A análise que se segue, procurei sustentar na concepção que os dados/ evidências, pela permanente construção/desconstrução, têm tanto a robustez do “eficiente plantão científico” quanto a fragilidade de “probabilidade, não exatamente certificação clínica”, para atender às boas práticas da beira do leito. Recordemos que é da essência da Medicina, as muitas angústias pelas quais o médico passa, para transformar a recomendação deveria aplicar em constatação aplicado com dever.

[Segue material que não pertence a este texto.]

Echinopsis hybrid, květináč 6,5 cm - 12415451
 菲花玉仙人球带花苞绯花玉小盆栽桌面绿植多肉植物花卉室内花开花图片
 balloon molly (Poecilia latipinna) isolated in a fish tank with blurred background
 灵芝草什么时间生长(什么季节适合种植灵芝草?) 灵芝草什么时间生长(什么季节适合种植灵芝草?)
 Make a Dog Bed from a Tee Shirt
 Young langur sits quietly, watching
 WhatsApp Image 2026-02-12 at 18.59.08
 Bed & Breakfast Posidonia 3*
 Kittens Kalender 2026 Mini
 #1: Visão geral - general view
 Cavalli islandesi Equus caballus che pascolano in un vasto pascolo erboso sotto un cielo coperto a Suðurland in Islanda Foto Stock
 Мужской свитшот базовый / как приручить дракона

A aplicação de diretriz clínica necessita do ensinamento de William Bart Osler (1849-1919) “… quanto mais olhares para a vida fora do estreito círculo do vosso trabalho, mais equipados estareis para a luta na profissão…”. Qualquer sentido de rarefação da cultura geral na atmosfera do ecossistema da beira do leito prejudica a racionalidade tecnocientífica no contexto das várias especialidades.

É preciso diálogo com o conteúdo da diretriz clínica e que é “um diálogo com colegas” com poder de influir no diálogo do eu consigo mesmo, e sua “leitura rotativa” dá origem a idéias num permanente carrossel, vale dizer DIRETRIZ CLÍNICA É PARA SER RESPEITADA NA MEDIDA CERTA; e qual é a medida parece tão impossibilitada de consenso, quanto a chance de cada cavalinho representar uma suposição de resposta e todos saírem em disparada para que se obtenha um vencedor.

Cronos é pai de Quiron, que criou Asclepius, herói e deus da Medicina “… de noite Asclepius aparecia em sonho aos doentes e lhes dava conselhos… na manhã seguinte, os sacerdotes coligiam as receitas e as explicavam...” Coincidências significativas!